The material below holds a span beginning at the line with "Figure 2: Low" and ending at the line with "What are the". Quote that span exactly, both ends included, and only that span.
=== Provided data ===
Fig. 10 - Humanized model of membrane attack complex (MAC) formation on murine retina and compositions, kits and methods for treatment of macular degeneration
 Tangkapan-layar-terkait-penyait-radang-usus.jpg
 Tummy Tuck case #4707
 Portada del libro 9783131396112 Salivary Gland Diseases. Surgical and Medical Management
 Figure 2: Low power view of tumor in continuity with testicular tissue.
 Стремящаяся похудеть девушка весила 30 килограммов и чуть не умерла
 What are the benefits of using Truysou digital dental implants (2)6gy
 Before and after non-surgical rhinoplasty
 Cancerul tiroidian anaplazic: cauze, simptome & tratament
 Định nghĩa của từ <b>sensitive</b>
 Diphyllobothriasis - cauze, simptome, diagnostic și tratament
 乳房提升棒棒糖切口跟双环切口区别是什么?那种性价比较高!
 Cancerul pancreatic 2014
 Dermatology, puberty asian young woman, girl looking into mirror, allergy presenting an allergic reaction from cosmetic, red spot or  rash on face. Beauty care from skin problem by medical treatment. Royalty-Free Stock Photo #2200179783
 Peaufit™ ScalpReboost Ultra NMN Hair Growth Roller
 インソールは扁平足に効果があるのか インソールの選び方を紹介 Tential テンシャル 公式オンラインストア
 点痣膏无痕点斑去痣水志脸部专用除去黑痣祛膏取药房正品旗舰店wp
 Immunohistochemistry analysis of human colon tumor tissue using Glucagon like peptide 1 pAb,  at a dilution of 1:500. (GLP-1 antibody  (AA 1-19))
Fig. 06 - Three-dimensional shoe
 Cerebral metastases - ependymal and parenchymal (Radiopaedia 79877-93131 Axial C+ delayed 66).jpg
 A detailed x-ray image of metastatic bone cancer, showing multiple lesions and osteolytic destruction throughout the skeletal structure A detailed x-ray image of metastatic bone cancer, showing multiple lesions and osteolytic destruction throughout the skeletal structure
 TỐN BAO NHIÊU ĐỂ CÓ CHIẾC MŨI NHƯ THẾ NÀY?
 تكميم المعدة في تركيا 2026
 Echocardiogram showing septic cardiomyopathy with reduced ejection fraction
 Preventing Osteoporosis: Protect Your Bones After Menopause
===
(Exercise response)
 Figure 2: Low power view of tumor in continuity with testicular tissue.
 Стремящаяся похудеть девушка весила 30 килограммов и чуть не умерла
 What are the benefits of using Truysou digital dental implants (2)6gy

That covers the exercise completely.